_Data block:_
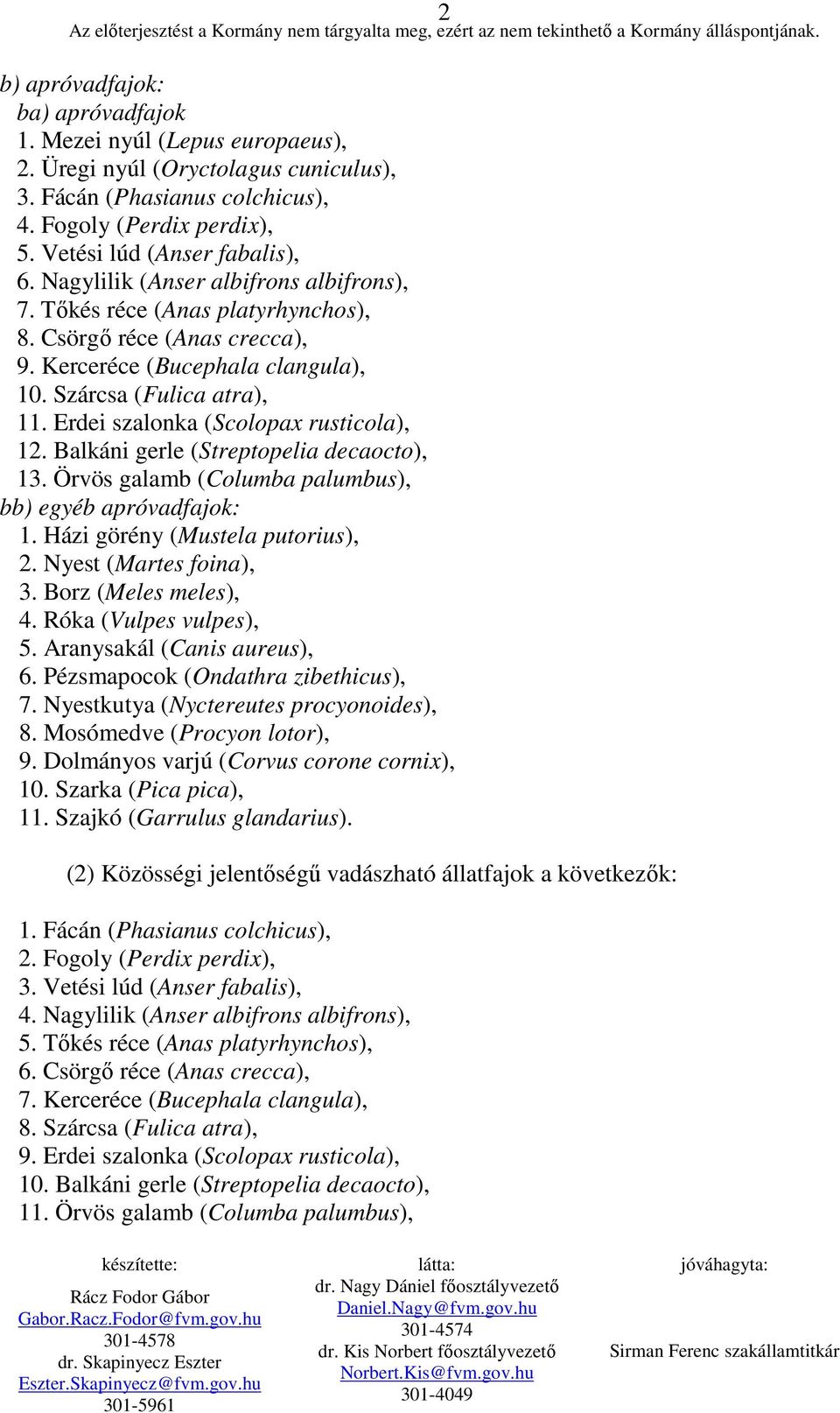 Erdei szalonka (Scolopax rusticola), 12. Balkáni gerle (Streptopelia decaocto), 13. Örvös galamb (Columba palumbus), bb) egyéb apróvadfajok: 1. Házi görény (Mustela putorius), 2.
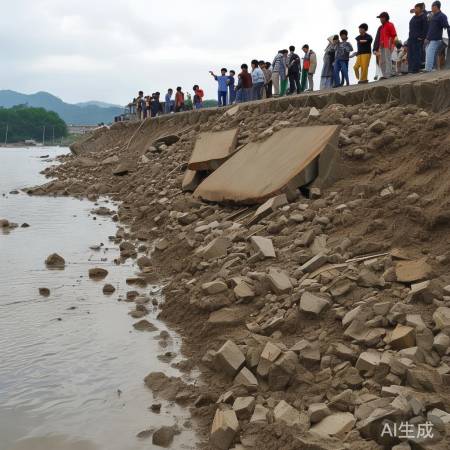 福建华亭镇西湖段防洪堤塌方！紧急关注！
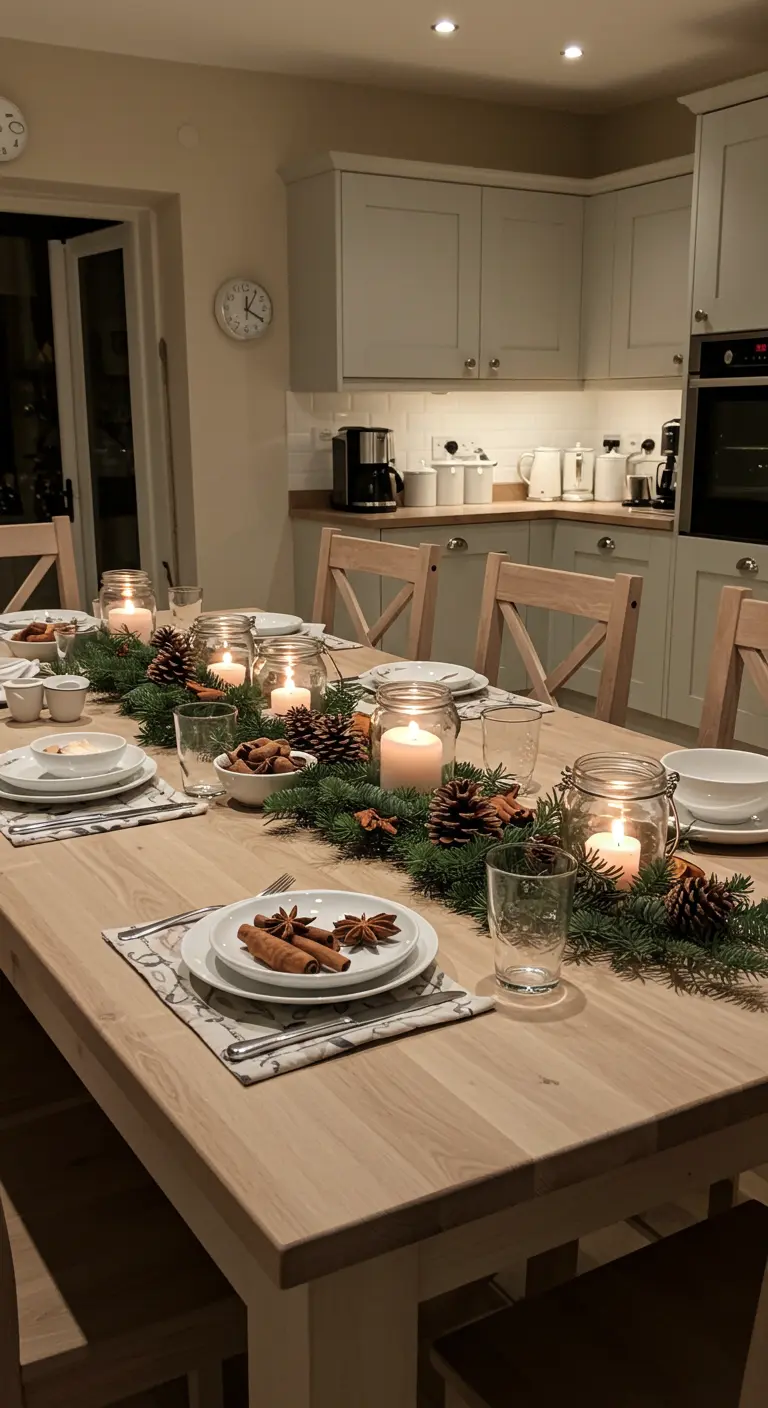 Guirlande de verdure et pommes de pin avec des bougies dans des bocaux en verre.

_Task:_ Pictures stay out; all other material above is restated word for word.

_Response box:_
 Erdei szalonka (Scolopax rusticola), 12. Balkáni gerle (Streptopelia decaocto), 13. Örvös galamb (Columba palumbus), bb) egyéb apróvadfajok: 1. Házi görény (Mustela putorius), 2.
 福建华亭镇西湖段防洪堤塌方！紧急关注！
 Guirlande de verdure et pommes de pin avec des bougies dans des bocaux en verre.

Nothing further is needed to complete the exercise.